#### [Source data]
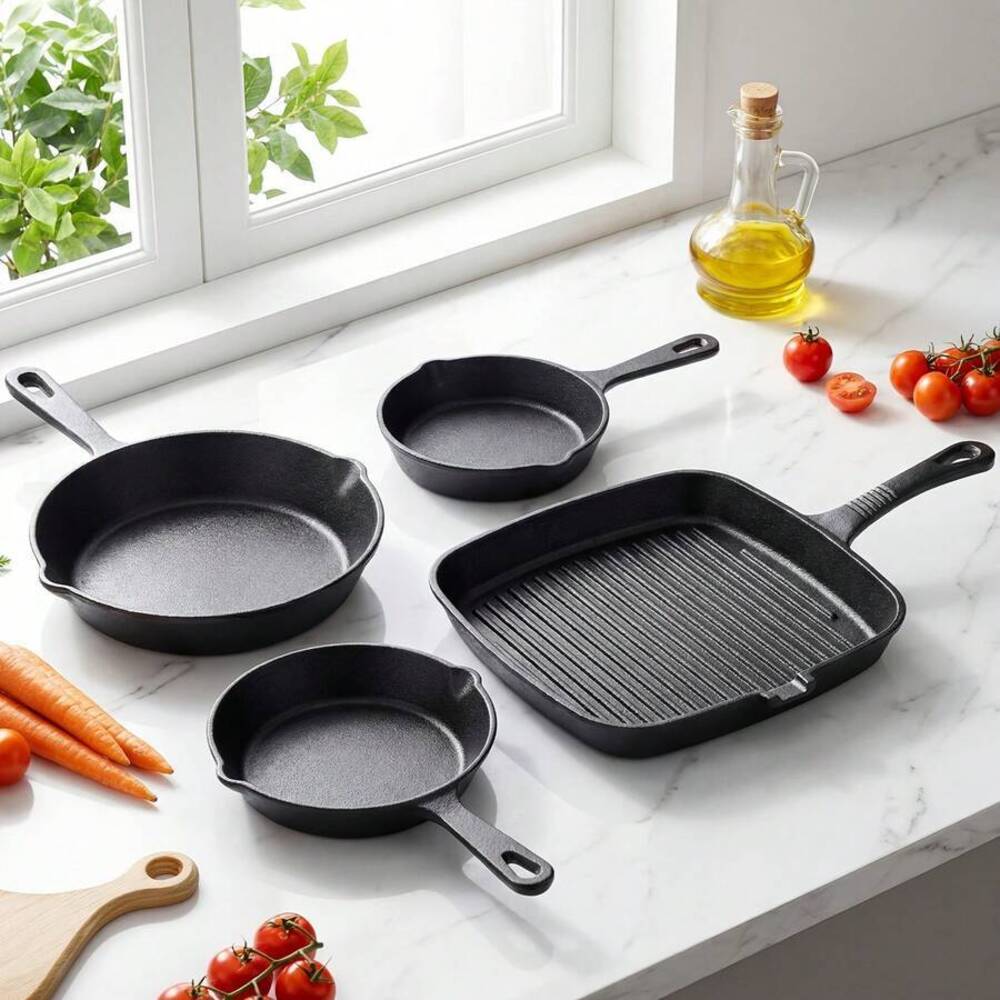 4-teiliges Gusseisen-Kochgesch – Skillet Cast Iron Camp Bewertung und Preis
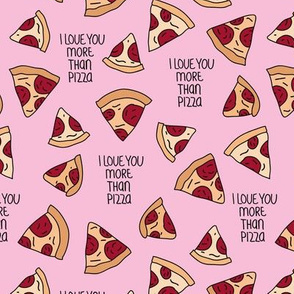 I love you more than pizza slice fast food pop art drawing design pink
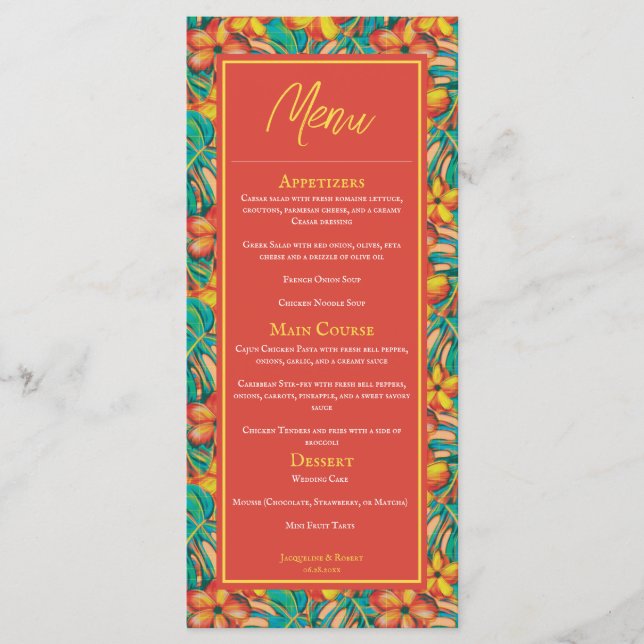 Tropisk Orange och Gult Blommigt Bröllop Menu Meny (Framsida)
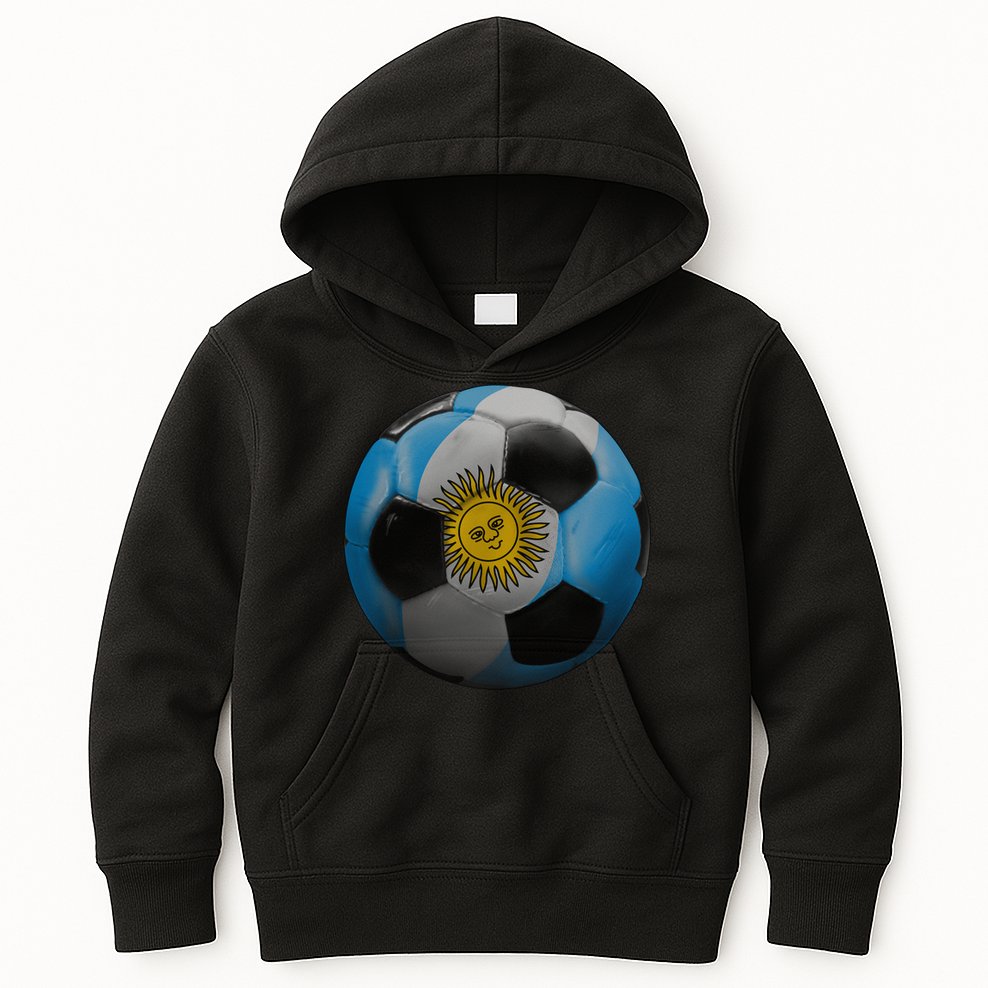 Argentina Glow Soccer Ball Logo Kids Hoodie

#### [Requirement]
Nothing but an exact transcription of the material, without pictures, should be returned.

#### [Output of the task]
 4-teiliges Gusseisen-Kochgesch – Skillet Cast Iron Camp Bewertung und Preis
 I love you more than pizza slice fast food pop art drawing design pink
 Tropisk Orange och Gult Blommigt Bröllop Menu Meny (Framsida)
 Argentina Glow Soccer Ball Logo Kids Hoodie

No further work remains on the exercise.